Ce papier a été publié par l’Opinion le 7 novembre 2023
La proposition hélas mort-née du Président de la République visant à créer une coalition anti Hamas aura eu un mérite : celui de confirmer qu’aucun pays musulman ne condamne publiquement le Hamas. Au contraire. Certains États ont même profité de l’initiative française pour aller jusqu’à faire l’apologie du Hamas. Ainsi la Turquie et son président pour qui il s’agit d’un « groupe de moudjahidines qui défendent leurs terres ».
Chaque jour qui passe voit les lignes de clivage se renforcer et pose une question lancinante : avec qui faire la paix ? Pour la réussir, il faut être deux, au moins, et y avoir intérêt. Sur le continent européen comme aux États-Unis, nous ne le savons que trop et nos mémoires ne peuvent oublier le prix terrifiant payé par l’humanité aux deux grands conflits mondiaux du XXe siècle. Depuis 1945, nous nous battons sans relâche pour que « plus jamais ça ! »
Il semble hélas que tout s’oublie. Que faut-il pour que l’homme apprenne de ses erreurs ? La période que nous traversons laisse penser que l’envie d’en découdre risque bien de l’emporter sur la raison et le respect de la vie. Un sinistre parfum des années 1930 flotte dans l’air.
Les lignes de fracture sont désormais claires et se traduisent par des oppositions très frontales qui dégénèrent en conflit. Avec l’Ukraine, comme avec Israël, ces affrontements dépassent largement le cadre des belligérants en guerre.
Pour autant, les origines de ces deux conflits ne partagent rien de commun. Dans le cas de la Russie et de l’Ukraine, le Kremlin nous présente la facture de l’effondrement provoqué de l’URSS et de trente ans d’humiliations relégatoires. Leur motivation est pour partie dictée par la vengeance et le besoin de se protéger de la menace occidentale, notamment des missiles nucléaires américains, tout en gardant la mainmise sur la « petite Russie », refusant toute émancipation de sa part.

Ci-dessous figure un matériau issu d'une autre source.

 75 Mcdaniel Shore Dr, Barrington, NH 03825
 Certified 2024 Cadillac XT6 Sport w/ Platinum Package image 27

La motivation de l’agrégat musulman est d’une nature toute différente, à la fois politique, raciste, antisémite, antisioniste et anti-occidentale, et elle remonte aux origines de la création d’Israël. La réaction des pays arabes fut très claire : nous ne voulons pas de vous ici ! Et de fait, 24 heures après la déclaration d’indépendance de l’État d’Israël (le 14 mai 1948, date de la fin du mandat britannique sur la Palestine), les armées d’Égypte, de Jordanie, de Syrie, du Liban et d’Irak se sont coalisées pour bouter les nouveaux venus hors d’un sol qui devait rester sous contrôle arabo-musulman.
Les ressorts de ce rejet sont multiples mais il s’en trouve un qui paraît plus que probable : pour le monde arabo-musulman, et alors que l’impérialisme colonial amorçait son déclin, cette implantation d’une population occidentale – et juive de surcroît – était insupportable. La greffe ne devait pas prendre, à aucun prix.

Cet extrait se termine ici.